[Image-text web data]
────────────────────

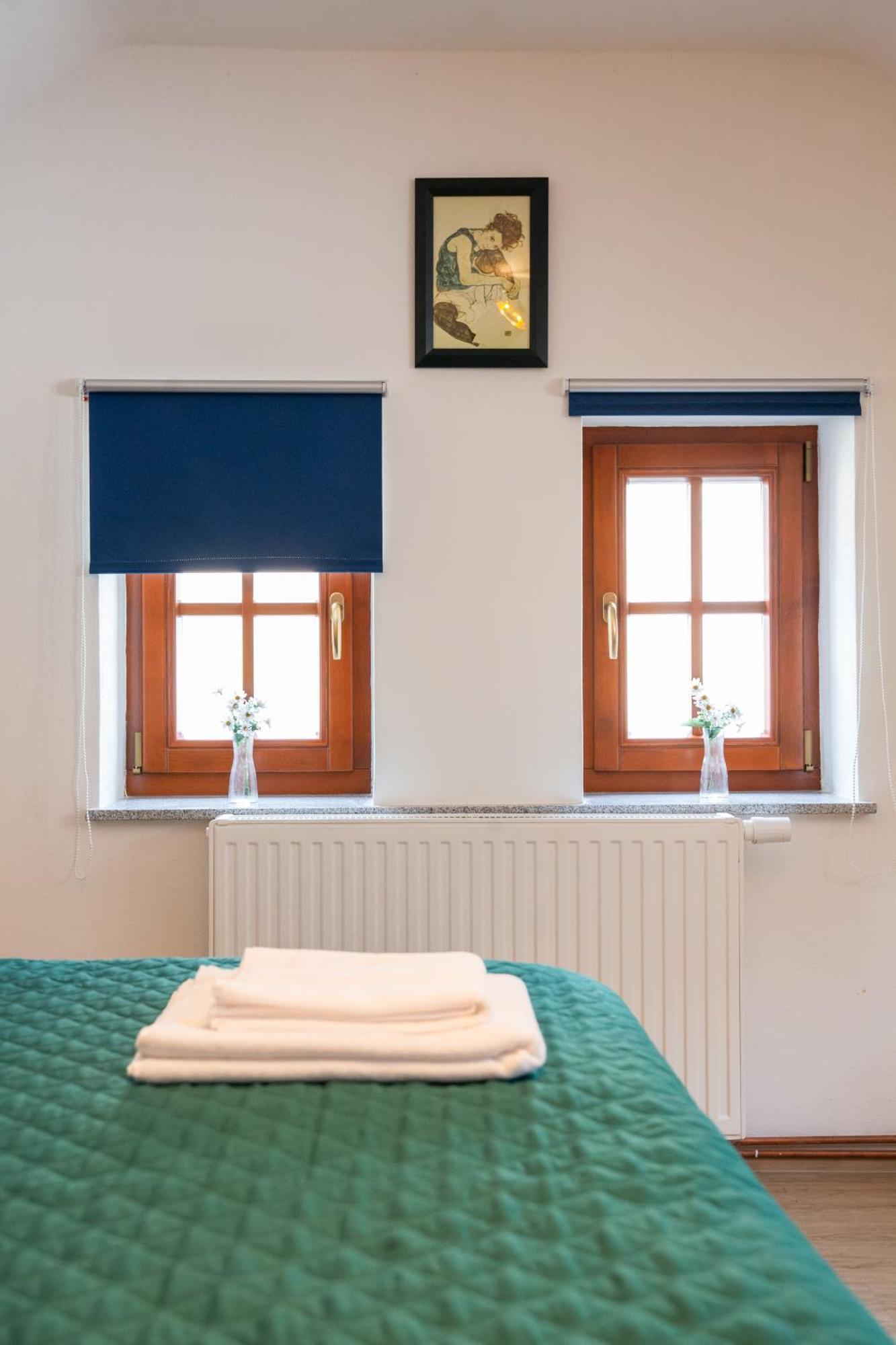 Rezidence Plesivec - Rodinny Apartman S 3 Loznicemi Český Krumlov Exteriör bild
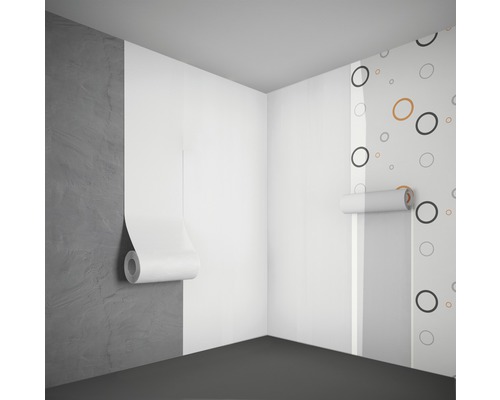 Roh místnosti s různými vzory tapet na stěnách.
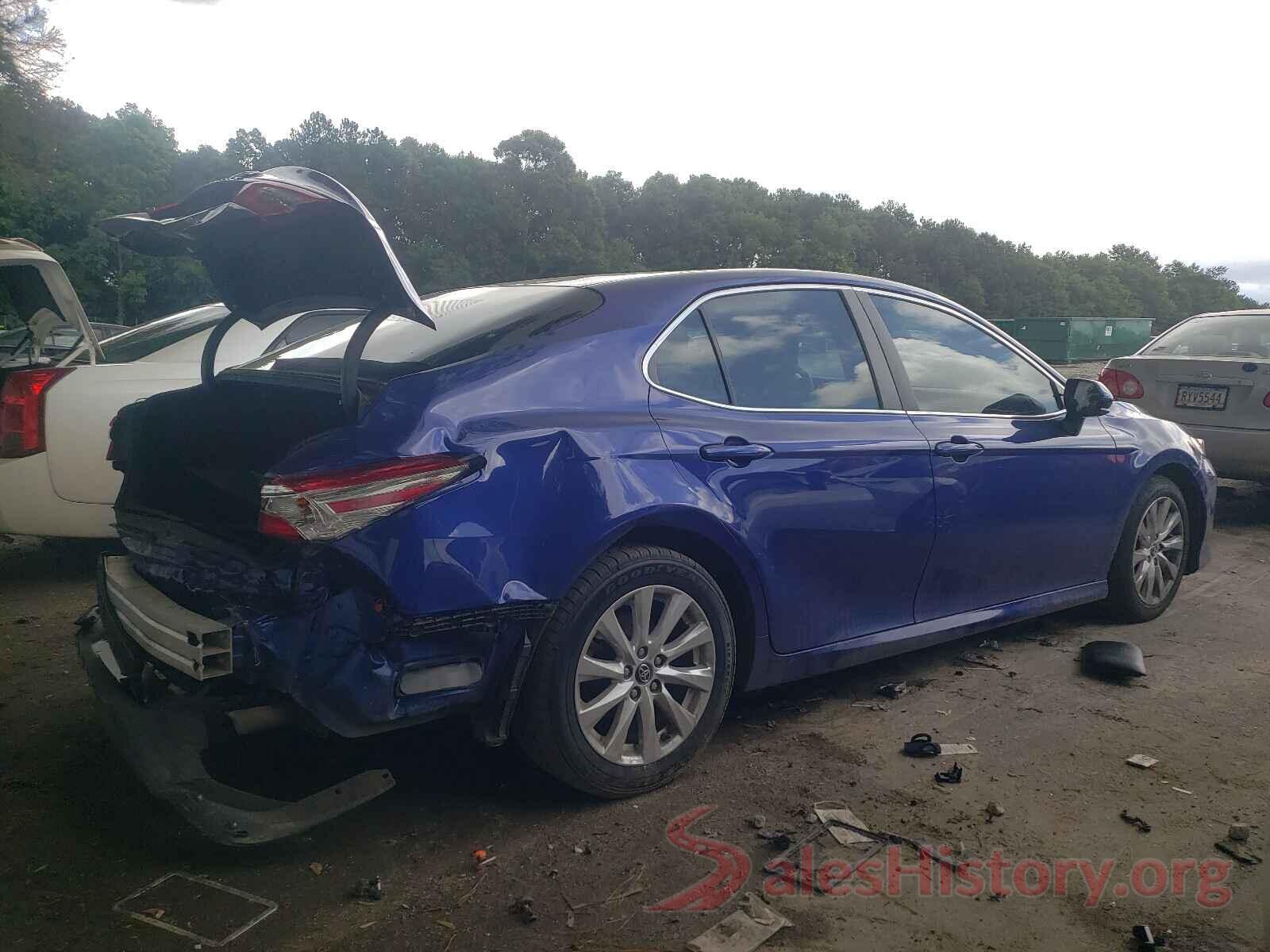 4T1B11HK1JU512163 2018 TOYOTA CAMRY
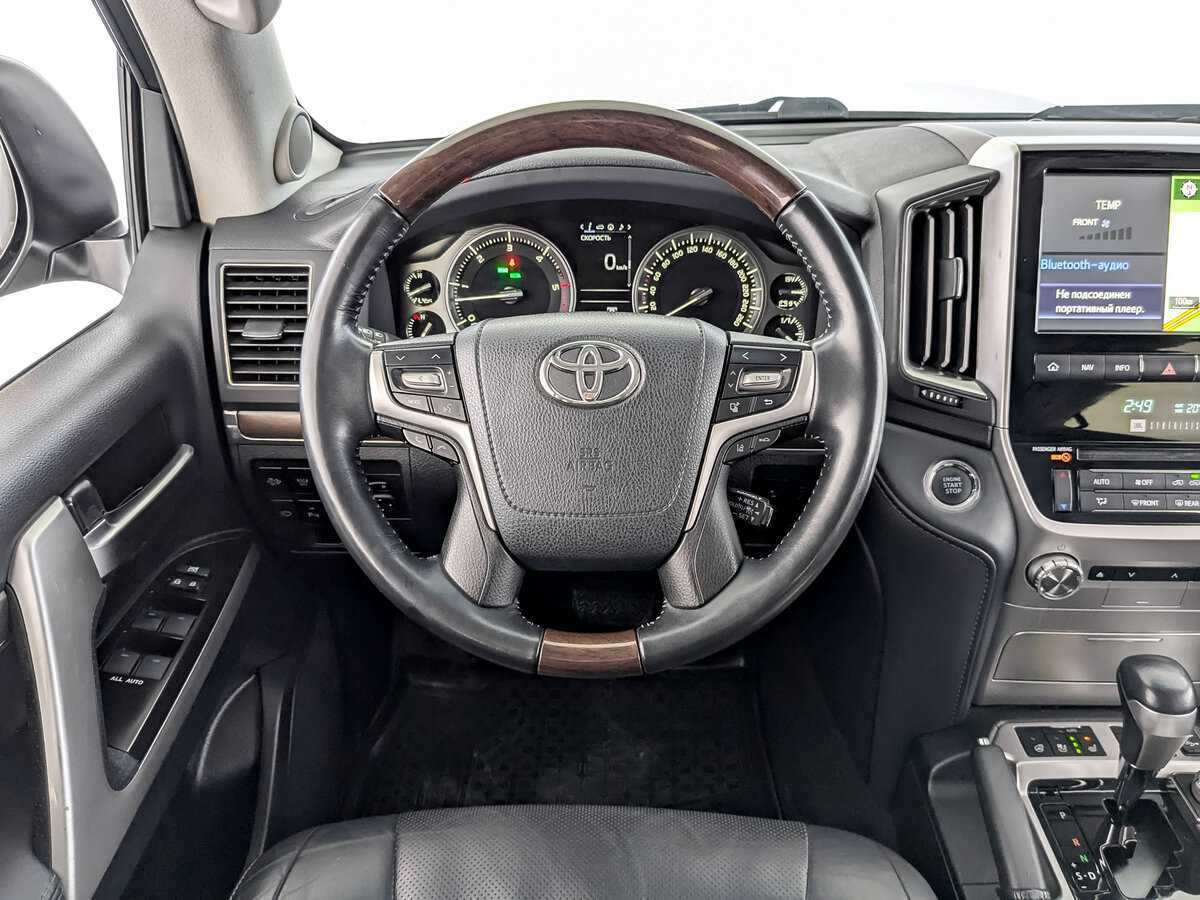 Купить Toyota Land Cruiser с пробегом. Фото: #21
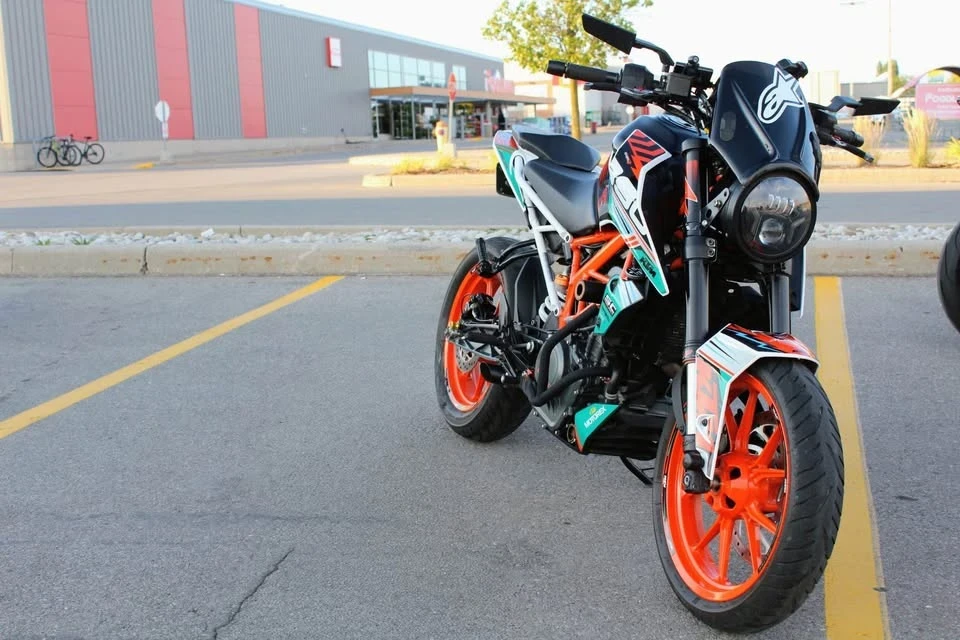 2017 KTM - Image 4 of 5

────────────────────

Exercise directions: Could you retype every record above exactly, leaving the pictures out?

Exercise output:
 Rezidence Plesivec - Rodinny Apartman S 3 Loznicemi Český Krumlov Exteriör bild
 Roh místnosti s různými vzory tapet na stěnách.
 4T1B11HK1JU512163 2018 TOYOTA CAMRY
 Купить Toyota Land Cruiser с пробегом. Фото: #21
 2017 KTM - Image 4 of 5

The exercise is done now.